I also think this is economically more feasible than the super heavy launchers. Especially if you use reusable rockets.
Do you need a super heavy carrier? I believe that for flights to the Moon and Mars, it is possible to assemble a starship in orbit and deliver a payload to it by launching heavy rockets.
For moon you don't, but for Mars you have to.
In case of China, mars manned mission is to be assembled in orbit with
7 CZ-9 launches. How many launches would there be if it is anything smaller, falcon heavy or CZ-10?
The yellow colored modules are most likely launched by CZ-9, and multiple times. The transfer modules (LEO LMO) are over 120t to 180t even when empty. And they are nuclear propulsions, you can't ask astranaut to assemble them in orbit from smaller pieces. The total mass departing from LEO is 328+246+100, about 674t.
The US would have to do the same thing that is neclear propulsion. That is why both Ares V and Starship was/is aiming at 200t LEO, even SLS block II is aiming at 180t.

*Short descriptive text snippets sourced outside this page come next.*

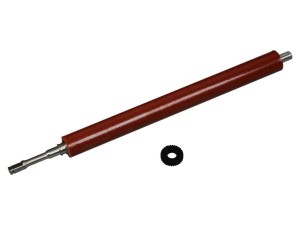 Wałek dolny do HP LJ P2035 P2055dn Pro M400 M401 M425 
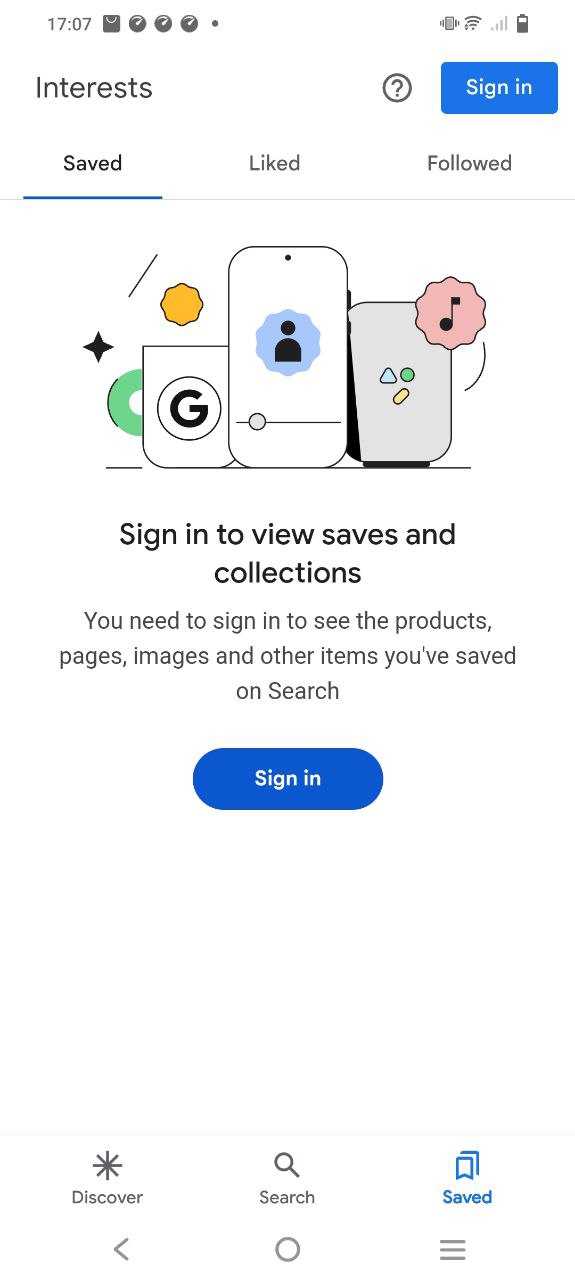 google浏览器2025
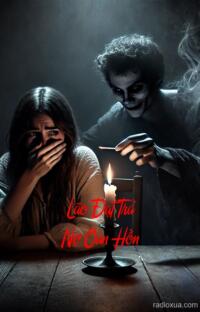 Lão Đạt Trả Nợ Oan Hồn – Máu tanh mùi trả thù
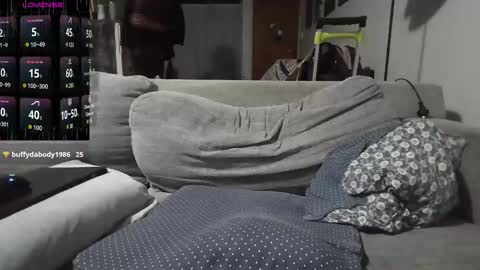 Edge Master Flash online show from January 2026 01:36:01 PM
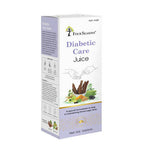 Thumbnail for Four Seasons Diabetic Care Juice - Distacart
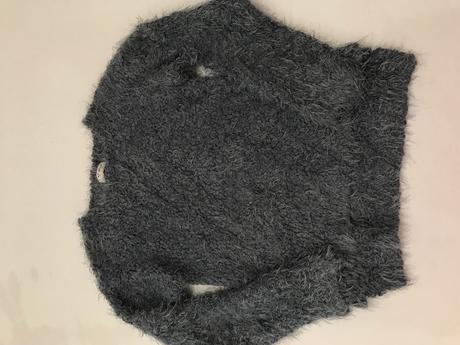 Next sveter, next,134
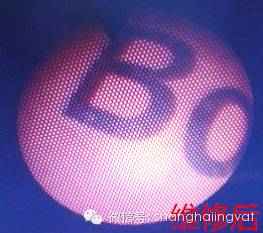 【STORZ纤维输尿管镜11278AU1维修案例】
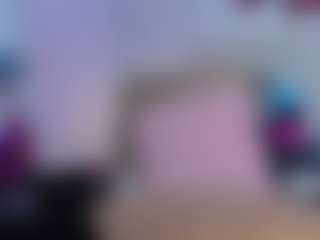 malthe-022's Live Sex Cam Show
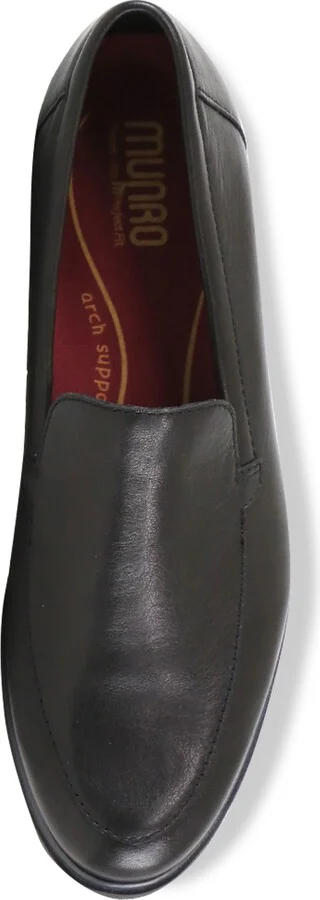Giselle Loafer - Image 3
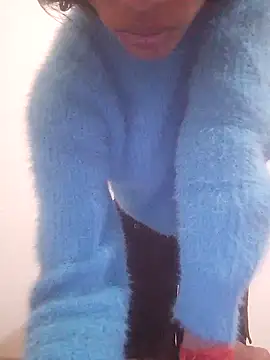 RARE65 online show from 11-11-25, 06:30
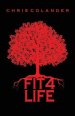 Fit 4 Life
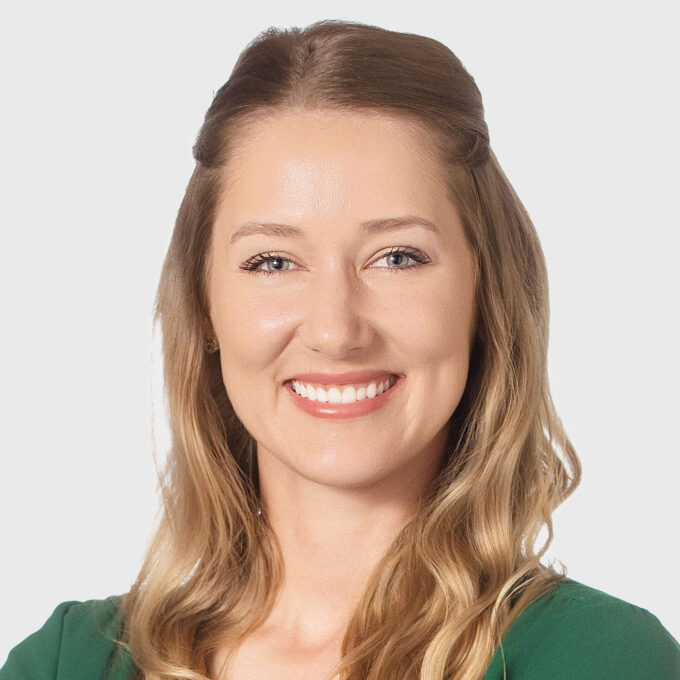Daphne Commerford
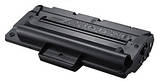 Картридж Samsung ML-1520D3, фото 6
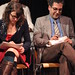 Jessica Schaefer Photo 39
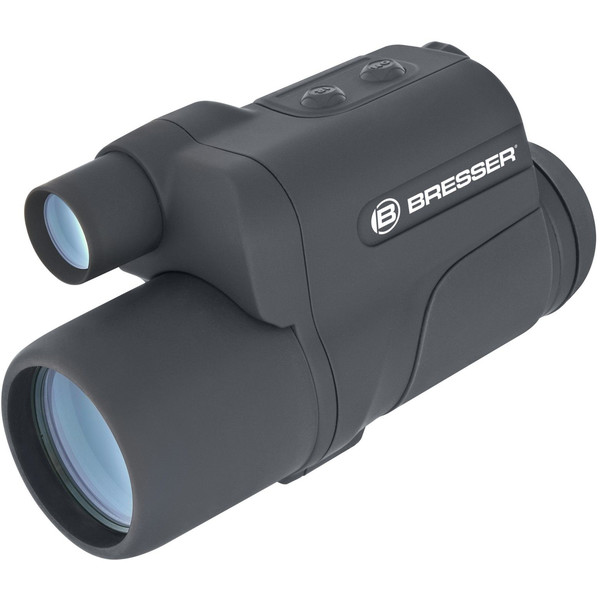 Bresser Noktowizor NV 3,5x42
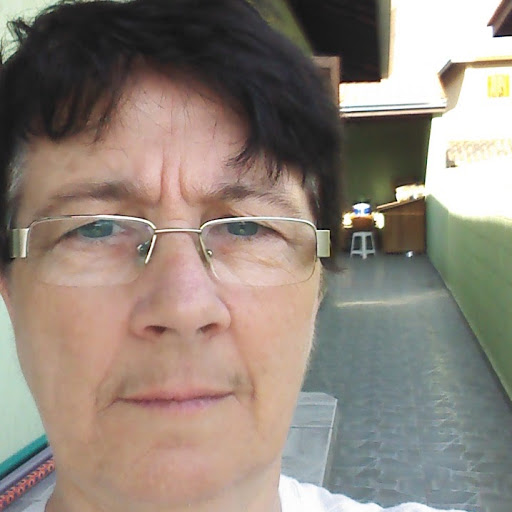 Christina Mccormack Photo 13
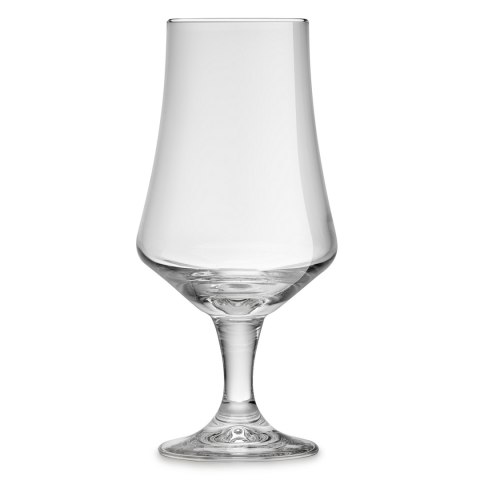 ARÔME Pokal do piwa 505 ml ARÔME Pokal do piwa 505 ml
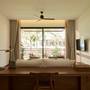 Горящие туры в отель The Retreat Koh Chang - 3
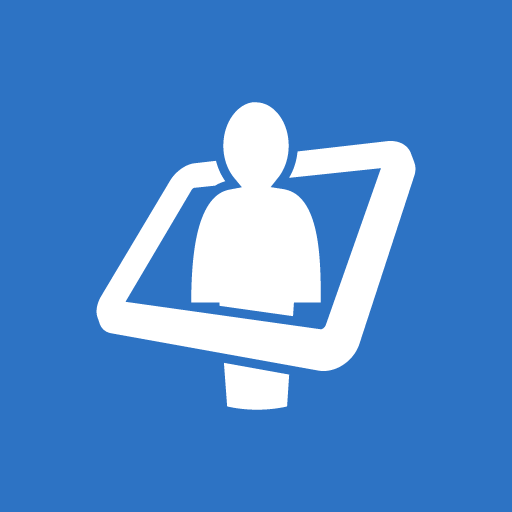 VirtualTabletop.io · Twitter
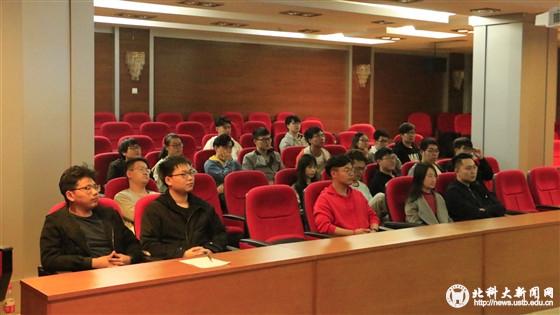 fdc4e171ec0fd85cabe39435e1e60b35.jpg _MG_3441_副本.jpg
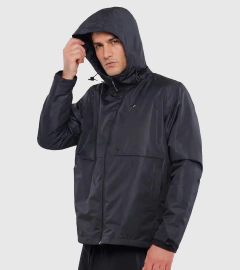 Campera Montagne Viggo 3 En 1 Hombre en internet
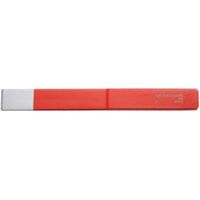 FACOM Burin Extra Plat 26 x 235 mm - 259 - Acier Au Chrome Vanadium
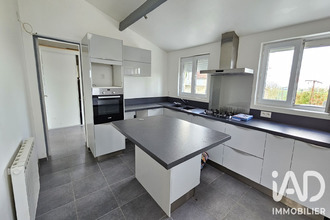 achat maison la-ferte-sous-jouarre 77260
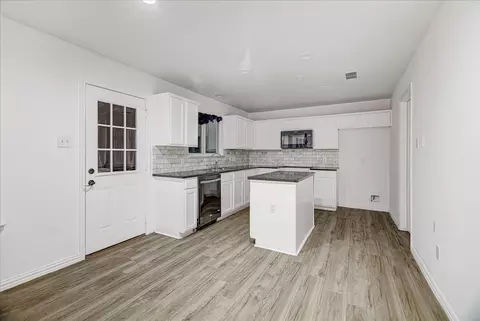 Other - 3107 Rendezvous Ct, Spring, TX 77373 photo 1 of 13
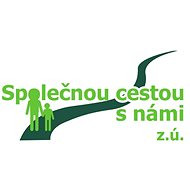 Together with us z. ú. - Charity Project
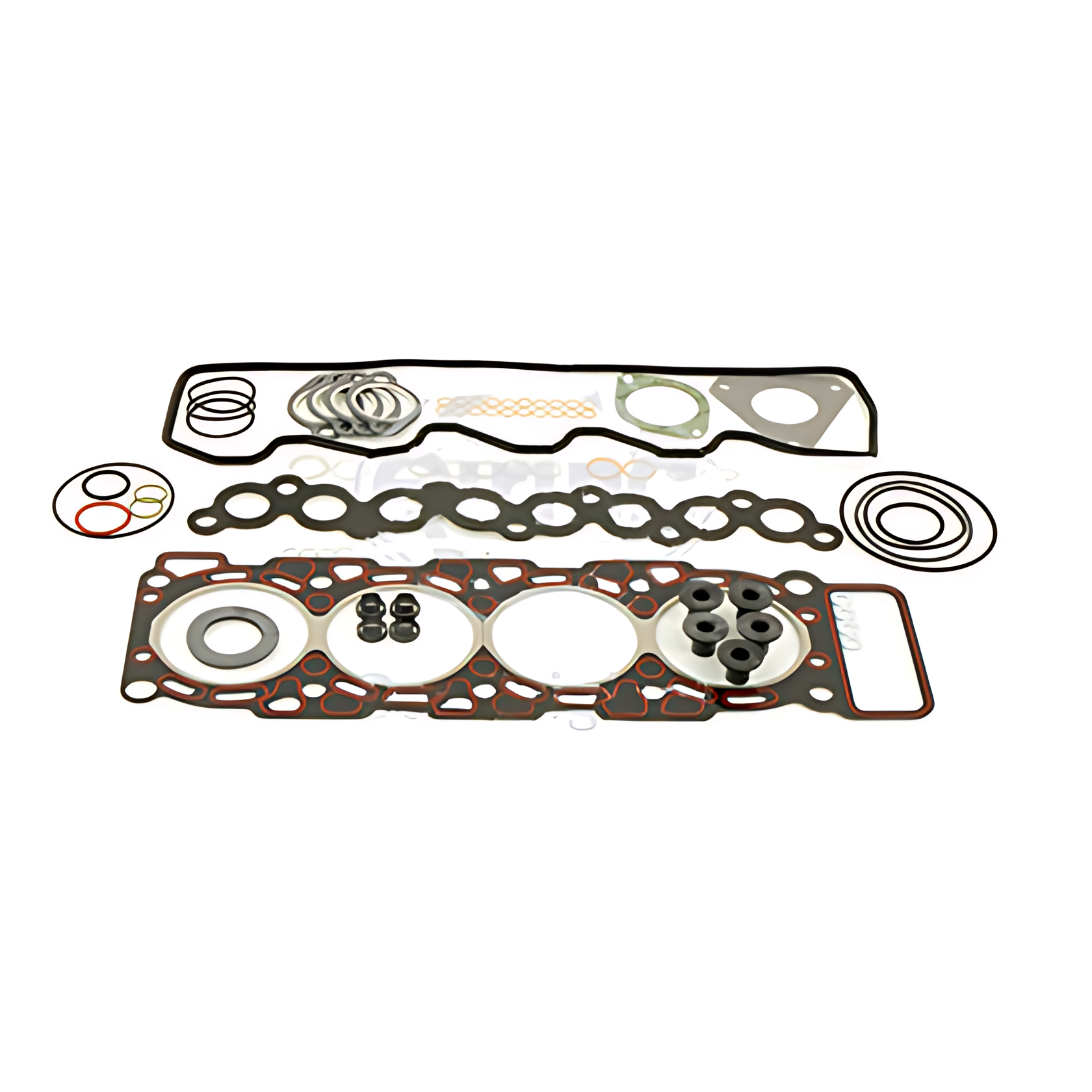 JG JUNTA SUPERIOR MWM SPRINT S/ RET. - 600172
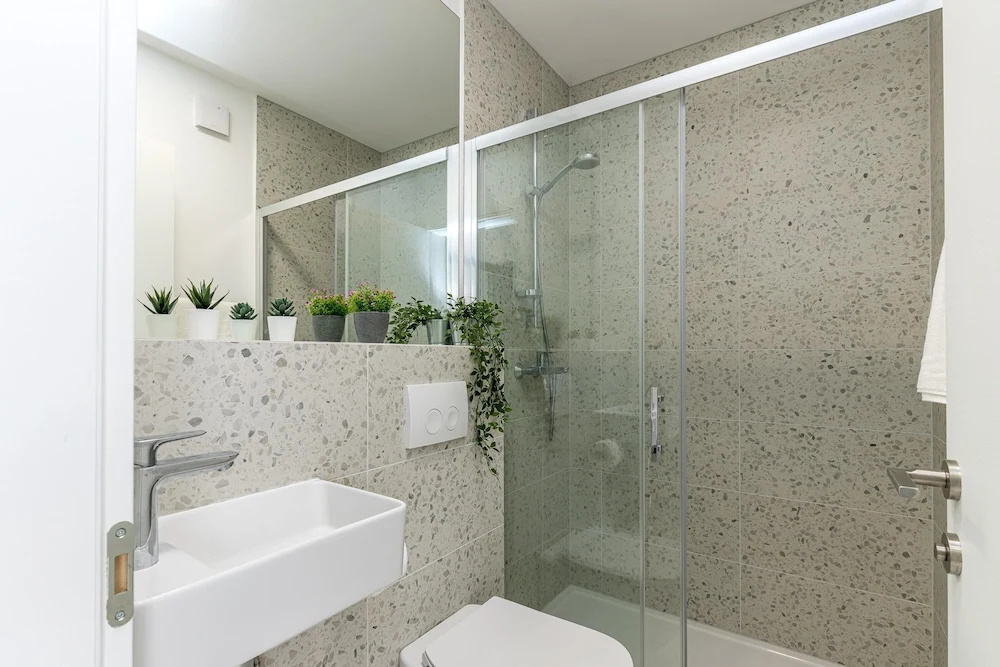 Sapore Di Mare Apartments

BTW, in mars mission, starship will have to be in expanded mode if US goes with nuclear and keep down the launches. If they go full chemical the total mass departing LEO would be over many thousand tons, and if starship goes reusable mode, there will probably 50 launches. Sending that many thousand-tons complex to mars is like catapulting a soft tofu, think about how much structural challenge and how low the permissible acceleration would be, therefor how long time the journey would be.